AUTHOR=Lezhnina Olga TITLE=Depression, anxiety, and burnout in academia: topic modeling of PubMed abstracts JOURNAL=Frontiers in Research Metrics and Analytics VOLUME=8 YEAR=2023 URL=https://www.frontiersin.org/journals/research-metrics-and-analytics/articles/10.3389/frma.2023.1271385 DOI=10.3389/frma.2023.1271385 ISSN=2504-0537 ABSTRACT=

The problem of mental health in academia is increasingly discussed in literature, and to extract meaningful insights from the growing amount of scientific publications, text mining approaches are used. In this study, BERTopic, an advanced method of topic modeling, was applied to abstracts of 2,846 PubMed articles on depression, anxiety, and burnout in academia published in years 1975–2023. BERTopic is a modular technique comprising a text embedding method, a dimensionality reduction procedure, a clustering algorithm, and a weighing scheme for topic representation.
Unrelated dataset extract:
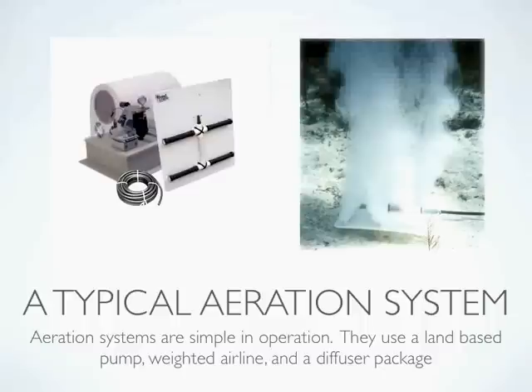For you as an installer — and many of these systems can be installed quite easily by the pond owner — that's just a much easier thing to work with when the airline doesn't have to be weighted with something else. And then we have the diffuser, which is the plate or tube sitting at the bottom of the pond where the air release point is. This is a typical aerator package with a single diffuser, but larger systems may have up to five or six diffuser components spread around the pond.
A model was selected based on the proportion of outliers, the topic interpretability considerations, topic coherence and topic diversity metrics, and the inevitable subjectivity of the criteria was discussed. The selected model with 27 topics was explored and visualized. The topics evolved differently with time: research papers on students' pandemic-related anxiety and medical residents' burnout peaked in recent years, while publications on psychometric research or internet-related problems are yet to be presented more amply. The study demonstrates the use of BERTopic for analyzing literature on mental health in academia and sheds light on areas in the field to be addressed by further research.